To dismiss it as little more than an empty show, the mere appearance of listening to the public – that whole open and transparent business – diminishes both the deputants and, frankly, the Ford Administration. Write them off as blundering buffoons at your and the city’s peril. There was much more at work here than simply trying to seem engaged while having every intention to just ram the 2012 budget untouched through to council next month.

The key plotline in all this from Team Ford’s perspective was to get the public, an overwhelming majority of it hostile, everybody knew that would be the case, to come in, plead their case for their cause to be spared the axe and respond by simply asking, well, how are we to pay for it? The city has a spending problem, remember? That’s why we find ourselves in this current fiscal mess.

So heavy praise or sage nods toward anyone coming forward to offer up suggestions of paying higher user fees to save pools, programs, libraries. See? This is what we’re talking about. Thinking outside the box. If you want all these ‘nice to haves’, Toronto, you’re going to have to pay for them not the city.

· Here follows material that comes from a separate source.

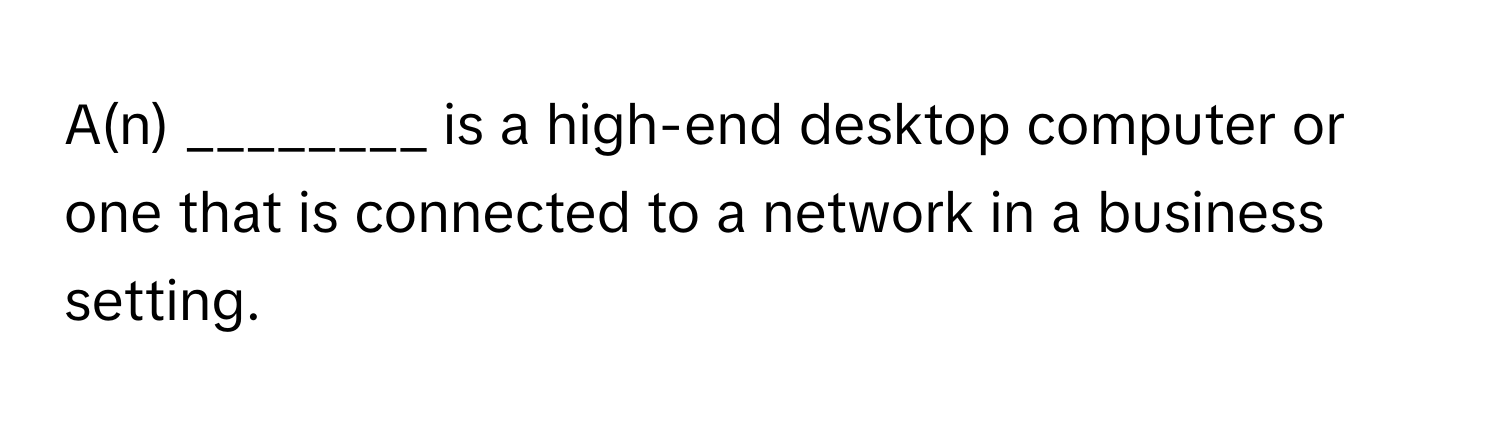 A(n) ________ is a high-end desktop computer or one that is connected to a network in a business setting.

Ignore the hulking presence lurking just off stage, the buried child. The family secret no one in charge really wants to talk about. That none of this is necessary. No individual sacrifice needed. A collective tweak here and there and everything would be OK even in these dark economic times. There is absolutely no reason we had to start chopping off limbs and tossing weight overboard to stay afloat. If there was any type of crisis it was one of leadership. They didn’t appear to know what they were doing. That, or they were hiding their true intentions.

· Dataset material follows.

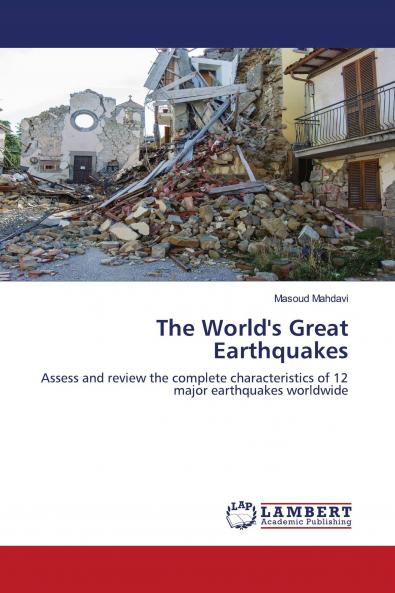 The World's Great Earthquakes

Only when deputants pointed out this fact, that things weren’t at all like the budget committee claimed they were, did the conflict start. They were met with pure bile and mocking obstreperousness. Raise taxes? Is that all you got? What special interest do you represent? We want real solutions. Solutions that meet our very narrow definition of acceptable responses. Cuts or increased user fees. The only two options. So contestant, I mean, deputant, will it be what’s behind door #1 or door #2?

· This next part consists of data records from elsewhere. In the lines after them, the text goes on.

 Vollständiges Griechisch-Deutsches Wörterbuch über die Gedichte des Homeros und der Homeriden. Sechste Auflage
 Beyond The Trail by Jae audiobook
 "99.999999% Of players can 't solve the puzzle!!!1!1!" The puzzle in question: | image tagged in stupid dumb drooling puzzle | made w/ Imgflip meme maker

Clearly having felt they lost the momentum or upper hand after the first day, the mayor’s designated hit men were dispatched to beat back deputants who tried veering off the preferred path. Councillor Giorgio Mammoliti made an early morning, Snidely Whiplash appearance. Councillor Frances Nunziata brought her best Cruella DeVil impression, piping a single note. Gone was solicitous Councillor Doug Ford. Replaced by his braying alter ego. Budget Chief Mike Del Grande was, well, pretty much the same. Grumpy, grim and easy to revert to hectoring mode.

While perfectly happy to hear someone offer to pay higher user fees to stave off cuts, they would not so much as entertain anyone saying they’d accept a tax hike. The fairly regular demand to reinstall the Vehicle Registration Tax was also a non-starter. If there was a method set up that allowed individuals to voluntarily pay a higher tax, hey, have it. There’s one born every minute, right?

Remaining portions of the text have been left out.